» What you are asked to do
The line containing "12820 Westwood Lane, Omaha, NE 68144" marks the end; copy exactly all lines from the start of the material up to and including it.
*** Opening Data listing ***
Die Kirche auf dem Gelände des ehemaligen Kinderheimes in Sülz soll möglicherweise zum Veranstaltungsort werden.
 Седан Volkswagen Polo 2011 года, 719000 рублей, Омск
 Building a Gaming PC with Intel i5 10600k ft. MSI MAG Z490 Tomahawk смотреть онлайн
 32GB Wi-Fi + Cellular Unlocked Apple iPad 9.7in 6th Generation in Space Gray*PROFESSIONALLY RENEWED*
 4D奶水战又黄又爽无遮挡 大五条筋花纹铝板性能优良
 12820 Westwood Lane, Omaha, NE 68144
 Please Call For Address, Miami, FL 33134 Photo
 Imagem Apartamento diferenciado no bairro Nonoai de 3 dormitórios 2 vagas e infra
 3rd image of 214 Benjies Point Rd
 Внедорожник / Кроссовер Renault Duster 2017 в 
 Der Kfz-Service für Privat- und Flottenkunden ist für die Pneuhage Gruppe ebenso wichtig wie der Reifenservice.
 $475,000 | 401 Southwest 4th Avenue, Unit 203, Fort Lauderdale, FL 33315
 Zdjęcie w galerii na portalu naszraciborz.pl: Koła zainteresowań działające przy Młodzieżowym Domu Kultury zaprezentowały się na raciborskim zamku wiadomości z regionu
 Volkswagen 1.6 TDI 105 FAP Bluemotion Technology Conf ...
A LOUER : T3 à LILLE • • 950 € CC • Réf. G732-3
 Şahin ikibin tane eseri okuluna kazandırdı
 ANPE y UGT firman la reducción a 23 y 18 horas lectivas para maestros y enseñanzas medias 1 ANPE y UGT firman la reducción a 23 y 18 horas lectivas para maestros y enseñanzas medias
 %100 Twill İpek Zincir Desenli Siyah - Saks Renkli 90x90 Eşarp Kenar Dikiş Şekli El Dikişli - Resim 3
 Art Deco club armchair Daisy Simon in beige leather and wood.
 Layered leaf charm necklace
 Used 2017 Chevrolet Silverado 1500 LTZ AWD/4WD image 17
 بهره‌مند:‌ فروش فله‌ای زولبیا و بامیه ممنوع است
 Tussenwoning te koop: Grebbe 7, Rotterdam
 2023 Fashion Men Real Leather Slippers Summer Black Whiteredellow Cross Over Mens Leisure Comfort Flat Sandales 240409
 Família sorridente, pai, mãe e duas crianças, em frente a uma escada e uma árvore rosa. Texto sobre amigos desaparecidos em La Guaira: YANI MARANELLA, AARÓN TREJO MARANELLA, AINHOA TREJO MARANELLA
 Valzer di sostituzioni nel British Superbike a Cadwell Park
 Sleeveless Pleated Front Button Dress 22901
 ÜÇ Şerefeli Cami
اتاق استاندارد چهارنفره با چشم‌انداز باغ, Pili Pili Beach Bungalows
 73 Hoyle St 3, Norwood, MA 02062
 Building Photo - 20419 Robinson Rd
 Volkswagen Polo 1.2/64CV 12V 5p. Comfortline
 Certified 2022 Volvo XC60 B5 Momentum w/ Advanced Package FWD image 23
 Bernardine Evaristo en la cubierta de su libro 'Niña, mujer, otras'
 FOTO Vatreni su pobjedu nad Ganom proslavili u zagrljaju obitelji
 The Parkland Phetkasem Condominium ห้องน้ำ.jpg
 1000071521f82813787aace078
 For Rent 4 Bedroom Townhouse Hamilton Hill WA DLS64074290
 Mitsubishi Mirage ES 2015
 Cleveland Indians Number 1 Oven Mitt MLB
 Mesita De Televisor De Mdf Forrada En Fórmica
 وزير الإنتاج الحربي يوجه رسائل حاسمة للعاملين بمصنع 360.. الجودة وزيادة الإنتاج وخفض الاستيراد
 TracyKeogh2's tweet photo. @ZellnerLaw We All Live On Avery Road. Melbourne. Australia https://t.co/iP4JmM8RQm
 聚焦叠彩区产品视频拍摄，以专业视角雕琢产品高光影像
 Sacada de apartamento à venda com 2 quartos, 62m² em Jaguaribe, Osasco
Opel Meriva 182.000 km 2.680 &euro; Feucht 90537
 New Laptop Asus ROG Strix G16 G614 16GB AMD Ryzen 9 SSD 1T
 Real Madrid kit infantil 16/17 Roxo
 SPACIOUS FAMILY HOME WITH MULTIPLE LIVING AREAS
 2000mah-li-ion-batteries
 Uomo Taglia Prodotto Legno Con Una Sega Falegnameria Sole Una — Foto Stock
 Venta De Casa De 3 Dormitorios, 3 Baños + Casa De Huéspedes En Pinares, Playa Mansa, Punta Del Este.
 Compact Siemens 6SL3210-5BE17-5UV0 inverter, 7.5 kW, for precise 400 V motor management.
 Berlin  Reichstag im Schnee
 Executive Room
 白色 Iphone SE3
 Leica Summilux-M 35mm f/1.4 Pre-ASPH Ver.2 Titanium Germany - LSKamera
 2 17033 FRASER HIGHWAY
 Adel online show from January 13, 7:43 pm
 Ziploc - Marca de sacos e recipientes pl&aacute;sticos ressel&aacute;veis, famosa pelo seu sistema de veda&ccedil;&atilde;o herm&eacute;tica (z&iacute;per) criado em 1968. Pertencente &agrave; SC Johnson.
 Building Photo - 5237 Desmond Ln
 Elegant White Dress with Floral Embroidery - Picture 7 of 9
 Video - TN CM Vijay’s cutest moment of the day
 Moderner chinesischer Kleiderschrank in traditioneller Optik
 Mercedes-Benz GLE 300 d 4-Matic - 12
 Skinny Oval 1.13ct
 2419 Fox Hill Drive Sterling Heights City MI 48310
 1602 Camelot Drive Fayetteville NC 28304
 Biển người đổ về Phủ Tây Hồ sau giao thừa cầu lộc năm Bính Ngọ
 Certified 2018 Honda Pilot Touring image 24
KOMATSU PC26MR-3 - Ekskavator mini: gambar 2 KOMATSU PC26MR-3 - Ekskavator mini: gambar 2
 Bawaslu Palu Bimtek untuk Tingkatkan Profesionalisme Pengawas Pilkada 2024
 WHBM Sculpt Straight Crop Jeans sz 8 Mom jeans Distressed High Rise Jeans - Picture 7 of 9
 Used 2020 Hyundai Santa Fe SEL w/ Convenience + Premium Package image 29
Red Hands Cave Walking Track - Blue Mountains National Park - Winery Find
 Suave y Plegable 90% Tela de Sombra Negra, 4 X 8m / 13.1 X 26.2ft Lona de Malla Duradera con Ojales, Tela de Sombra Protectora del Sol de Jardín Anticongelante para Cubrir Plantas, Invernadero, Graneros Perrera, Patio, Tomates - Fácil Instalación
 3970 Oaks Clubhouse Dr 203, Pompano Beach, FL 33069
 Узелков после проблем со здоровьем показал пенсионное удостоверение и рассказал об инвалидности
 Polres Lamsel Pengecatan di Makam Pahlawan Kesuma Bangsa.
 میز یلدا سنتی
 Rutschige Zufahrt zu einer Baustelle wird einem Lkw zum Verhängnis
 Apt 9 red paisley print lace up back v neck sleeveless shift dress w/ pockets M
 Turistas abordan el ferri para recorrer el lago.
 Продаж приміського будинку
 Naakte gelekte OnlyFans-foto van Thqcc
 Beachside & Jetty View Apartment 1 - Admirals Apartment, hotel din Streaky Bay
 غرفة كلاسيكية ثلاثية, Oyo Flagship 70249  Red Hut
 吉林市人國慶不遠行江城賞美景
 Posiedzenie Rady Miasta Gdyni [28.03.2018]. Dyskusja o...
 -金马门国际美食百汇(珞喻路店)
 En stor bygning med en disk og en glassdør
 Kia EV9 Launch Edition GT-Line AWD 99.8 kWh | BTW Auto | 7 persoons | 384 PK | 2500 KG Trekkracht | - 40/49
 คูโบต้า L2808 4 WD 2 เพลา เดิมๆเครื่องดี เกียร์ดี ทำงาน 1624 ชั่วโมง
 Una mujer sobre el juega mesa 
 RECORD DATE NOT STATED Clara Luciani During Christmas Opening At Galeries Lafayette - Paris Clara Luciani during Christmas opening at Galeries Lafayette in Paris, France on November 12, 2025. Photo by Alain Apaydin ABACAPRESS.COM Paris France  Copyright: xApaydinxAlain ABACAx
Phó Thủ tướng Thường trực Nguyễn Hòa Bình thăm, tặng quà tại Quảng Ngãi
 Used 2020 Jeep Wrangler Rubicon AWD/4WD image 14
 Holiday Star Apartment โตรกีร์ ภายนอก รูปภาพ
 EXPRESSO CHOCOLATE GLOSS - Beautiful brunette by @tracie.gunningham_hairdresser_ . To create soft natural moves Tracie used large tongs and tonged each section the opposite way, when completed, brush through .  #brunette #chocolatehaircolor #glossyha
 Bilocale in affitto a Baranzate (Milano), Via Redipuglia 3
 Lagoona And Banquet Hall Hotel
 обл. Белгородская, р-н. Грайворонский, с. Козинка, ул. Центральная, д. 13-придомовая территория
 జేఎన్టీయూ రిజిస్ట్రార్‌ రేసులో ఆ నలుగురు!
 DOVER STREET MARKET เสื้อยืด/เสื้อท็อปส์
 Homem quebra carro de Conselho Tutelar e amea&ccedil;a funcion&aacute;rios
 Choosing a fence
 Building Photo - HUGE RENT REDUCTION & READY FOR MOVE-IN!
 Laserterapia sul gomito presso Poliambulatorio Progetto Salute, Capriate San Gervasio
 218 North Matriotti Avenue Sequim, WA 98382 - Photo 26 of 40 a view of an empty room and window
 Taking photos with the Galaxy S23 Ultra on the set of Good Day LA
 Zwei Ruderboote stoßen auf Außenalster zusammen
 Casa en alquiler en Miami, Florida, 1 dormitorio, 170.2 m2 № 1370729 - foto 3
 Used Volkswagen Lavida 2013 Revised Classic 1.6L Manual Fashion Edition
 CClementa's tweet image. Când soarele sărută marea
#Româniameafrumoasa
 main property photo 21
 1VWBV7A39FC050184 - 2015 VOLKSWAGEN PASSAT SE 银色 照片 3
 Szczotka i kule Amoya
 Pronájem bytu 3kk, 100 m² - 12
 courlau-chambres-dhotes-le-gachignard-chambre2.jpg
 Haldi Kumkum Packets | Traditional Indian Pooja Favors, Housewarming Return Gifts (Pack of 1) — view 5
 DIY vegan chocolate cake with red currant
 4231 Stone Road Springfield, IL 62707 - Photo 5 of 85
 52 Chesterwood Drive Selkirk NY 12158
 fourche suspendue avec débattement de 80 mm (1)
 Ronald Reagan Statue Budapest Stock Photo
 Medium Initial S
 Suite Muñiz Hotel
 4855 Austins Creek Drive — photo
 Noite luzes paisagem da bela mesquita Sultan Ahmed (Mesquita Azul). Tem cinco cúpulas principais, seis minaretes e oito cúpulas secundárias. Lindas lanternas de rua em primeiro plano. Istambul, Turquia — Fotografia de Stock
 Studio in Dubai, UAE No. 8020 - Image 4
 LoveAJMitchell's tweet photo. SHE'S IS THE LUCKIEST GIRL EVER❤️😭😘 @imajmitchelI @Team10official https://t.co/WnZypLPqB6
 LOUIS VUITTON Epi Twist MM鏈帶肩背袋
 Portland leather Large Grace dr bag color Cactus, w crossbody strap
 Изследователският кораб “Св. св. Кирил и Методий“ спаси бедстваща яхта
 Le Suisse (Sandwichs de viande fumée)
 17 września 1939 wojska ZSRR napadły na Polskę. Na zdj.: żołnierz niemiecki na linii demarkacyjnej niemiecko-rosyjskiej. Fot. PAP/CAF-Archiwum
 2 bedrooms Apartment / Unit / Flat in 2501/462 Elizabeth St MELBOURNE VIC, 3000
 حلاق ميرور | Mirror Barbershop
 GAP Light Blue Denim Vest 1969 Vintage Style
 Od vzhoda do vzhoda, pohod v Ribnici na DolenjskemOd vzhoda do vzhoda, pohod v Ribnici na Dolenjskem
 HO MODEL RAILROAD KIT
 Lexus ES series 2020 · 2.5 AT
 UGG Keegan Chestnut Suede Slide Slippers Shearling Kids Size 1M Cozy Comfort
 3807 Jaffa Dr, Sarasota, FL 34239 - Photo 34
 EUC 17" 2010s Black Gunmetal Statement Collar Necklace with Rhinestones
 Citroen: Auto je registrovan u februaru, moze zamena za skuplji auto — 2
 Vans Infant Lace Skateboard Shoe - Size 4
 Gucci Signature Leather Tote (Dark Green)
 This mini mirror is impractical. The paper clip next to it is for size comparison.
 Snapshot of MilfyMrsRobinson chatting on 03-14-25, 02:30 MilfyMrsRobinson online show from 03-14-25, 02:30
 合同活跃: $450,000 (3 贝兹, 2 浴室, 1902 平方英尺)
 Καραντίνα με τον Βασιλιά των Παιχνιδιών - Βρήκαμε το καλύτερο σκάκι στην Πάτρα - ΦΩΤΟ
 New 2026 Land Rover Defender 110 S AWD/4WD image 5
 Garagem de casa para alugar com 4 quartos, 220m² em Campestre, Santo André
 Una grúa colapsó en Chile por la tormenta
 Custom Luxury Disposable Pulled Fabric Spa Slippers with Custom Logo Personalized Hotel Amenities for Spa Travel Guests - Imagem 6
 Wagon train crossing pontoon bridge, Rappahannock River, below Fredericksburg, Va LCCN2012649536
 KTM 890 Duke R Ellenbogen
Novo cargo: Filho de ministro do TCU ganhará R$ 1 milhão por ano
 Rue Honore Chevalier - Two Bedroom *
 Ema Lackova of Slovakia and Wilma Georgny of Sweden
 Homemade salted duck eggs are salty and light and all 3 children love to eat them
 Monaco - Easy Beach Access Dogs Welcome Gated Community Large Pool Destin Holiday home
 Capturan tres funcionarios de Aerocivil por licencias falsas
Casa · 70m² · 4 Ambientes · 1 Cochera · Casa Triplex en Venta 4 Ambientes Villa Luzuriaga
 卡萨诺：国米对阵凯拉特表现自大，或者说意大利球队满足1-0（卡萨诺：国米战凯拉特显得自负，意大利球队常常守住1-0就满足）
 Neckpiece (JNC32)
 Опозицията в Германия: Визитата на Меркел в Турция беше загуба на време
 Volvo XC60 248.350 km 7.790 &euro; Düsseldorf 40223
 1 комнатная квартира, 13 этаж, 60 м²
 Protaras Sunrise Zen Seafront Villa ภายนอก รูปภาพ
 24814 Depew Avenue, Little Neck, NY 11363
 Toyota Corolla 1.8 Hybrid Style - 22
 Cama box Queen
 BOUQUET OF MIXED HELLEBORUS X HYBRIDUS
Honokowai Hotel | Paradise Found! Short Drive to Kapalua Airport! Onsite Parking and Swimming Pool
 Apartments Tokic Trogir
*** Closing Data listing ***
» Answer to this problem
Die Kirche auf dem Gelände des ehemaligen Kinderheimes in Sülz soll möglicherweise zum Veranstaltungsort werden.
 Седан Volkswagen Polo 2011 года, 719000 рублей, Омск
 Building a Gaming PC with Intel i5 10600k ft. MSI MAG Z490 Tomahawk смотреть онлайн
 32GB Wi-Fi + Cellular Unlocked Apple iPad 9.7in 6th Generation in Space Gray*PROFESSIONALLY RENEWED*
 4D奶水战又黄又爽无遮挡 大五条筋花纹铝板性能优良
 12820 Westwood Lane, Omaha, NE 68144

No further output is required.